• [Requirement]
Among the entries below, which lines run from the line with "Cum se previne" through the line with "Remove small scars with scar cream"? Retype those, both ends included, exactly and without pictures.

• [Excerpted records]
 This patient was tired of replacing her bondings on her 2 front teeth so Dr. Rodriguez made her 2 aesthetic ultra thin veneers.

---

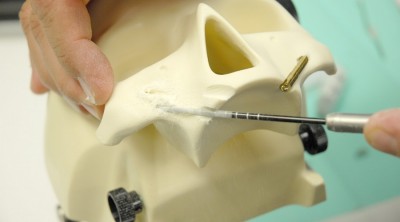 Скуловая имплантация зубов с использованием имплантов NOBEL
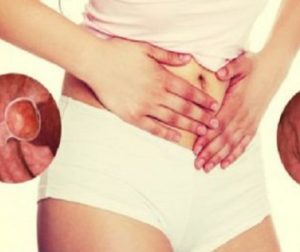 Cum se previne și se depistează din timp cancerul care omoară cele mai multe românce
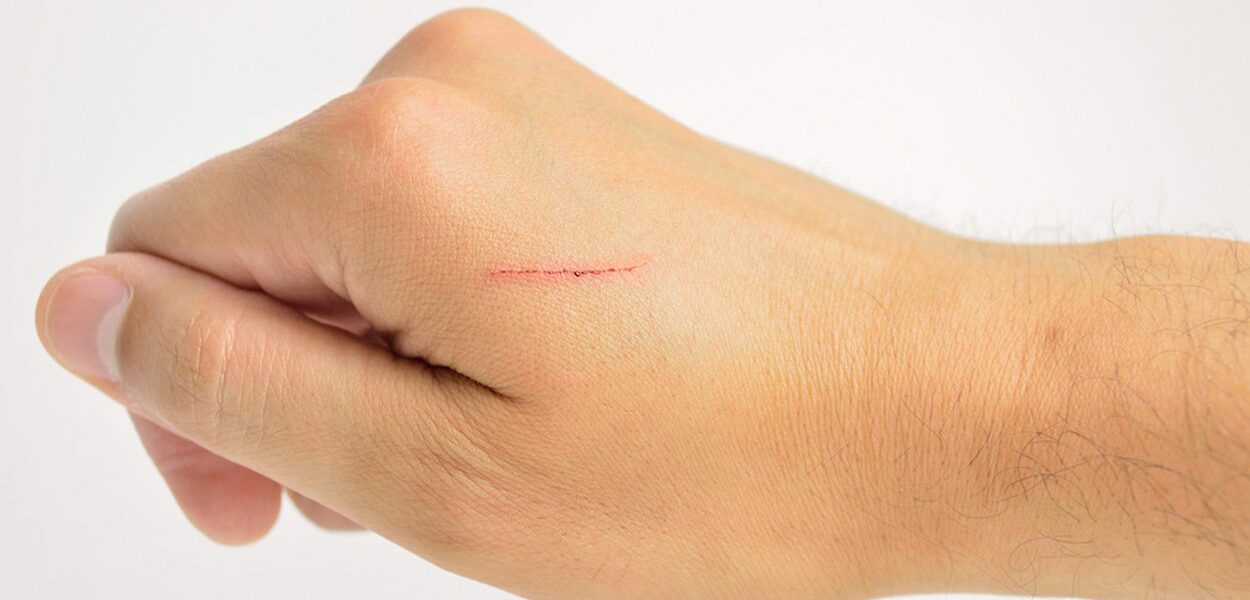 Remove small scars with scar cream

• [Response]
 Cum se previne și se depistează din timp cancerul care omoară cele mai multe românce
 Remove small scars with scar cream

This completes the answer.